[Data items]
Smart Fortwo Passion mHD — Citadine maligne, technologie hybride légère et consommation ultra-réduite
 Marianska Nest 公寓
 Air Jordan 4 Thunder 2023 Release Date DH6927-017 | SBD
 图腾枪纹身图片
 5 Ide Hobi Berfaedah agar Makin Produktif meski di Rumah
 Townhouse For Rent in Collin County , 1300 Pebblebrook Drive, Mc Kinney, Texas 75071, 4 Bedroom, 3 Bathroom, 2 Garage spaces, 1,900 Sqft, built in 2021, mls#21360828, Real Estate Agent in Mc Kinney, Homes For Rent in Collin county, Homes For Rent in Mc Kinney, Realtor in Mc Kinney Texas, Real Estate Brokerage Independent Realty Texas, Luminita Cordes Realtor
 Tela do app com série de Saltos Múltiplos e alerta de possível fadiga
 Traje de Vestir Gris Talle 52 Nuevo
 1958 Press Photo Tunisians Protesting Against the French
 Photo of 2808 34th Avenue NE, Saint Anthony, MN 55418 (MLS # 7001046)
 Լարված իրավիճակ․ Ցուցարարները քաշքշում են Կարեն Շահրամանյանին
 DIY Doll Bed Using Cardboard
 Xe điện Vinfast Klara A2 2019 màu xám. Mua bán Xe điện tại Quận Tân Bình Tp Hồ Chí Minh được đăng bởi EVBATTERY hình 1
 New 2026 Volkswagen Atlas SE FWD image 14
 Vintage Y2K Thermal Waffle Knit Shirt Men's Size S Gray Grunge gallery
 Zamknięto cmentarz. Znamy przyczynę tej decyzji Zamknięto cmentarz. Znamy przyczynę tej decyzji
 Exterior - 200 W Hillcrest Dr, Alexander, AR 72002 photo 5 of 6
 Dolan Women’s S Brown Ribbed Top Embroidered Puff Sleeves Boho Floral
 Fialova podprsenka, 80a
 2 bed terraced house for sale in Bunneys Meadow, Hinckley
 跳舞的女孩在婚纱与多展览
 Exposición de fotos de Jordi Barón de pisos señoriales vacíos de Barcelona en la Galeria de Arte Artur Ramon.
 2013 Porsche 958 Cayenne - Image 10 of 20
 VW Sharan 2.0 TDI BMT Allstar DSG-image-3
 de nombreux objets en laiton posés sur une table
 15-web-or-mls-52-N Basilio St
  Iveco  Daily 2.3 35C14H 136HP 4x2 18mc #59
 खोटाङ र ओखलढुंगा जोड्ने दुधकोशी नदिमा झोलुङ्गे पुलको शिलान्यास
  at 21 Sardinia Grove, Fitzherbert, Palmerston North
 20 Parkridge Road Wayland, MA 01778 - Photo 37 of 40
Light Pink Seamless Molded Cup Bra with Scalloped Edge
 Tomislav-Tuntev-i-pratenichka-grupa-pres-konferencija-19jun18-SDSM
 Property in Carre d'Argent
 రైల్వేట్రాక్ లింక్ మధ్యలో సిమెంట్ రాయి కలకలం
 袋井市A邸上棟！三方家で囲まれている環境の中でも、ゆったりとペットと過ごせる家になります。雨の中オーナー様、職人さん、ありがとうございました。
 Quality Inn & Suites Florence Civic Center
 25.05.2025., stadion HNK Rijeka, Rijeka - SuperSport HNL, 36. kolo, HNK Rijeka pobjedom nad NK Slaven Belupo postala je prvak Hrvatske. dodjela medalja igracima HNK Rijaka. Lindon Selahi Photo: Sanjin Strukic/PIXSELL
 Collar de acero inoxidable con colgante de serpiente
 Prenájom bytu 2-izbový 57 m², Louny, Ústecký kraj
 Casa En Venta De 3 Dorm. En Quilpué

* [Brief]: Quote each line above in full, word for word.

* [Finished exercise]:
Smart Fortwo Passion mHD — Citadine maligne, technologie hybride légère et consommation ultra-réduite
 Marianska Nest 公寓
 Air Jordan 4 Thunder 2023 Release Date DH6927-017 | SBD
 图腾枪纹身图片
 5 Ide Hobi Berfaedah agar Makin Produktif meski di Rumah
 Townhouse For Rent in Collin County , 1300 Pebblebrook Drive, Mc Kinney, Texas 75071, 4 Bedroom, 3 Bathroom, 2 Garage spaces, 1,900 Sqft, built in 2021, mls#21360828, Real Estate Agent in Mc Kinney, Homes For Rent in Collin county, Homes For Rent in Mc Kinney, Realtor in Mc Kinney Texas, Real Estate Brokerage Independent Realty Texas, Luminita Cordes Realtor
 Tela do app com série de Saltos Múltiplos e alerta de possível fadiga
 Traje de Vestir Gris Talle 52 Nuevo
 1958 Press Photo Tunisians Protesting Against the French
 Photo of 2808 34th Avenue NE, Saint Anthony, MN 55418 (MLS # 7001046)
 Լարված իրավիճակ․ Ցուցարարները քաշքշում են Կարեն Շահրամանյանին
 DIY Doll Bed Using Cardboard
 Xe điện Vinfast Klara A2 2019 màu xám. Mua bán Xe điện tại Quận Tân Bình Tp Hồ Chí Minh được đăng bởi EVBATTERY hình 1
 New 2026 Volkswagen Atlas SE FWD image 14
 Vintage Y2K Thermal Waffle Knit Shirt Men's Size S Gray Grunge gallery
 Zamknięto cmentarz. Znamy przyczynę tej decyzji Zamknięto cmentarz. Znamy przyczynę tej decyzji
 Exterior - 200 W Hillcrest Dr, Alexander, AR 72002 photo 5 of 6
 Dolan Women’s S Brown Ribbed Top Embroidered Puff Sleeves Boho Floral
 Fialova podprsenka, 80a
 2 bed terraced house for sale in Bunneys Meadow, Hinckley
 跳舞的女孩在婚纱与多展览
 Exposición de fotos de Jordi Barón de pisos señoriales vacíos de Barcelona en la Galeria de Arte Artur Ramon.
 2013 Porsche 958 Cayenne - Image 10 of 20
 VW Sharan 2.0 TDI BMT Allstar DSG-image-3
 de nombreux objets en laiton posés sur une table
 15-web-or-mls-52-N Basilio St
  Iveco  Daily 2.3 35C14H 136HP 4x2 18mc #59
 खोटाङ र ओखलढुंगा जोड्ने दुधकोशी नदिमा झोलुङ्गे पुलको शिलान्यास
  at 21 Sardinia Grove, Fitzherbert, Palmerston North
 20 Parkridge Road Wayland, MA 01778 - Photo 37 of 40
Light Pink Seamless Molded Cup Bra with Scalloped Edge
 Tomislav-Tuntev-i-pratenichka-grupa-pres-konferencija-19jun18-SDSM
 Property in Carre d'Argent
 రైల్వేట్రాక్ లింక్ మధ్యలో సిమెంట్ రాయి కలకలం
 袋井市A邸上棟！三方家で囲まれている環境の中でも、ゆったりとペットと過ごせる家になります。雨の中オーナー様、職人さん、ありがとうございました。
 Quality Inn & Suites Florence Civic Center
 25.05.2025., stadion HNK Rijeka, Rijeka - SuperSport HNL, 36. kolo, HNK Rijeka pobjedom nad NK Slaven Belupo postala je prvak Hrvatske. dodjela medalja igracima HNK Rijaka. Lindon Selahi Photo: Sanjin Strukic/PIXSELL
 Collar de acero inoxidable con colgante de serpiente
 Prenájom bytu 2-izbový 57 m², Louny, Ústecký kraj
 Casa En Venta De 3 Dorm. En Quilpué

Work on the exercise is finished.